Estimated Reading Time: 10 minutes


B2B marketing leaders are realigning strategies to meet the rapid changes of digital transformation, customer needs, and AI advancements. Key trends indicate a move towards “sales-free,” self-service buying, which demands personalization and customer empowerment akin to B2C experiences. Industry experts featured on our podcast highlight the shift from product selling to delivering customer-desired outcomes, fostering a ‘business-to-human’ approach. To stay competitive, B2B marketers need to create cohesive narratives across all channels, focus on building customer relationships, and tear down interdepartmental barriers. Successful B2B leaders will innovate and treat customers as collaborative partners, ensuring a consistent, value-driven journey.

In the fast-paced world of B2B marketing, adapting to change is not just a buzzword—it’s an operational mandate.
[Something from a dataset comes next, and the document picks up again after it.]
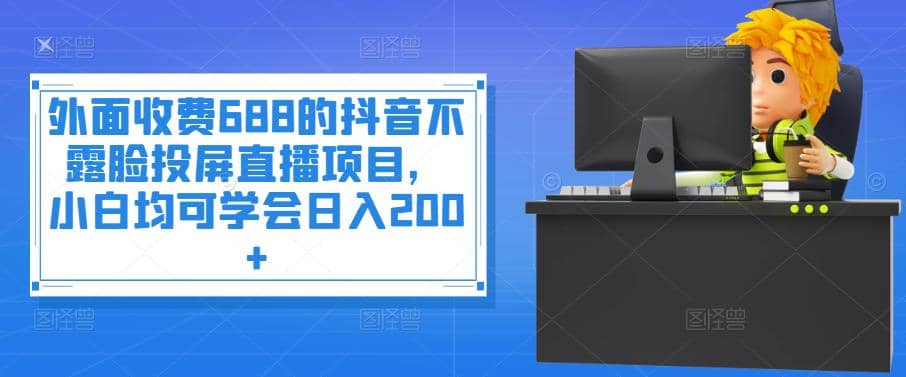 外面收费688的抖音不露脸投屏直播项目，小白均可学会日入200+网创吧-网创项目资源站-副业项目-创业项目-搞钱项目网创吧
Our podcast, The B2B Engagement, over the past year featured some unique perspectives of B2B marketing leaders navigating through this transformative era of digital customer engagement with agility and strategic acumen. From Cordula Knüppel at Ericsson discussing effective value storytelling to Andy DeLaO at GE HealthCare outlining a shift to a patient outcome-focused approach, each conversation dove into the heart of overcoming modern business challenges.

For B2B CMOs and marketing leaders, these insights are not theoretical explorations but tactical frameworks ready for application. The strategic discussions ranged from harnessing AI for personalized marketing to fostering a unified sales and marketing revenue team, all for greater customer-centricity.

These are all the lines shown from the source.